Jakarta (ANTARA) -
"Munculnya beberapa semburan air bercampur gas pada sumur bor masyarakat secara geologis merupakan fenomena yang umum," katanya saat dihubungi di Jakarta, Jumat.
Menurutnya gas tersebut berdasarkan referensi umumnya merupakan gas biogenik yang sering muncul di rawa atau sawah, sehingga disebut gas metan sawah atau gas metan rawa, sesuai yang telah diidentifikasi oleh Perusahaan Gas Negara (PGN).
Gas tersebut dihasilkan dari aktivitas dekomposisi material organik di suatu rawa-rawa pada masa lampau kemudian di bawah permukaan akan terakumulasi dan tertangkap pada kantong-kantong dengan sebaran yang relatif tidak luas.
"Umumnya terperangkap pada lapisan sedimen yang berumur muda (kurang dari 10.000 tahun) dan muncul ke permukaan sebagai semburan biasanya akibat tertembusnya lapisan perangkap gas tersebut pada kedalaman tertentu," kata dia.
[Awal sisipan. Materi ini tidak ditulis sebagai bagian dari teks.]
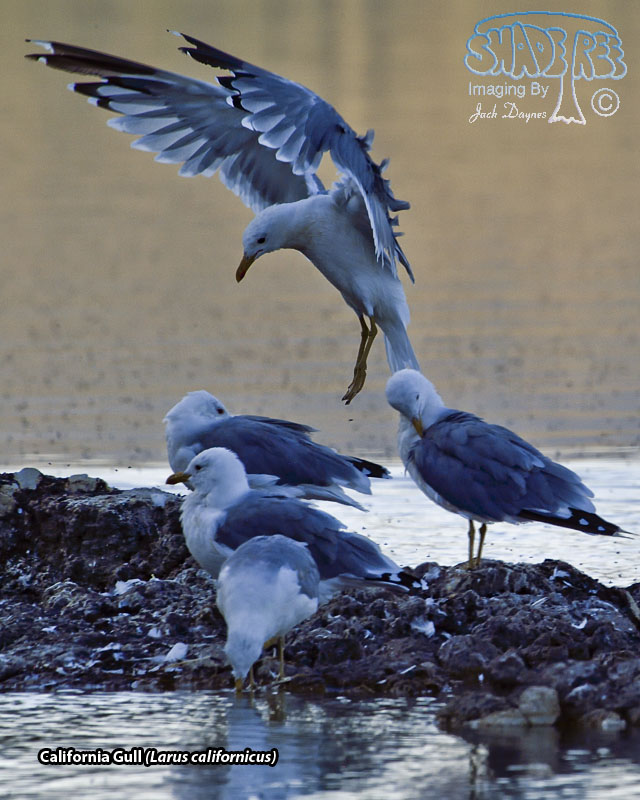 California Gull - Larus californicus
Melihat kejadian serupa sebelumnya, ia memperkirakan bahwa semburan air bercampur gas tersebut tidak akan berlangsung lama sekira satu hingga dua bulan ke depan.
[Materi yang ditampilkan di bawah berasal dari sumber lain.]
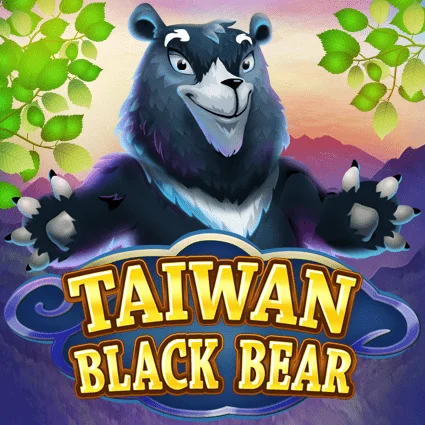 Taiwan Black Bear game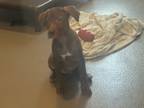 Adopt Ginger a Labrador Retriever, Mixed Breed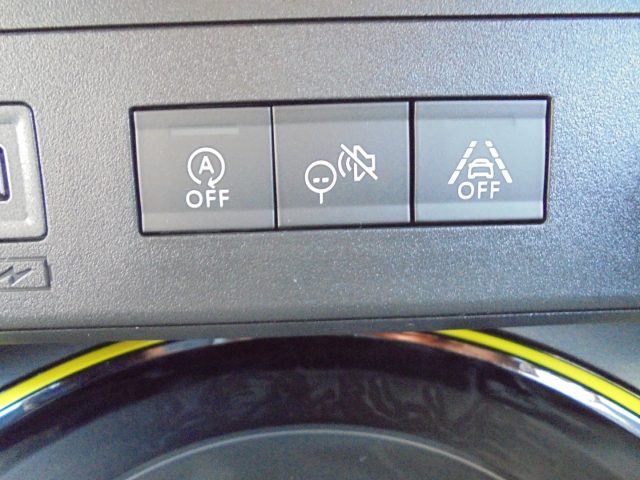 FIAT Grande Panda usata 40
Hal itu disebutnya sangat memungkinkan berdasarkan kondisi geologi lokasi munculnya semburan yang berada pada Kipas Aluvium dan tersusun atas lempung, lanau, batu pasir, kerikil, dan kerakal.
"Batuan tersebut terbentuk oleh aktivitas sungai yang berasosiasi dengan rawa-rawa," kata Wafid.
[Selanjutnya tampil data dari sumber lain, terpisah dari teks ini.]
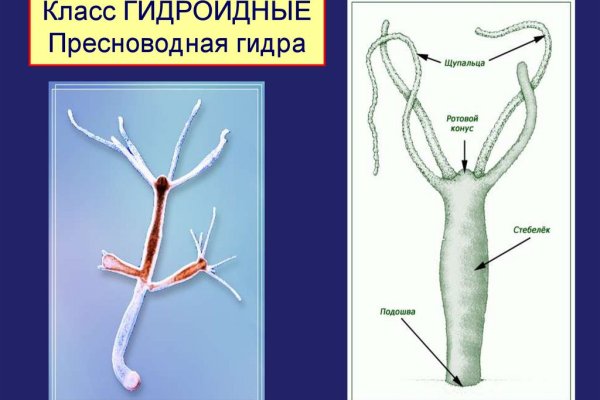 Кракен сайт продаж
Badan Geologi melalui Pusat Air Tanah dan Geologi Tata Lingkungan berencana akan melakukan kunjungan lapangan pada lokasi semburan tersebut untuk melakukan pengukuran sifat kimia-fisika di lapangan dan analisis hidrokimia di laboratorium.
Semburan air bercampur gas muncul di tengah permukiman warga di Kampung Leuwi Kotok, Desa Pasirlaja, Kecamagan Sukaraja, Kabupaten Bogor, Rabu (11/10/2023). Semburan air itu muncul setelah ada pengeboran sumur bor sedalam 130 meter.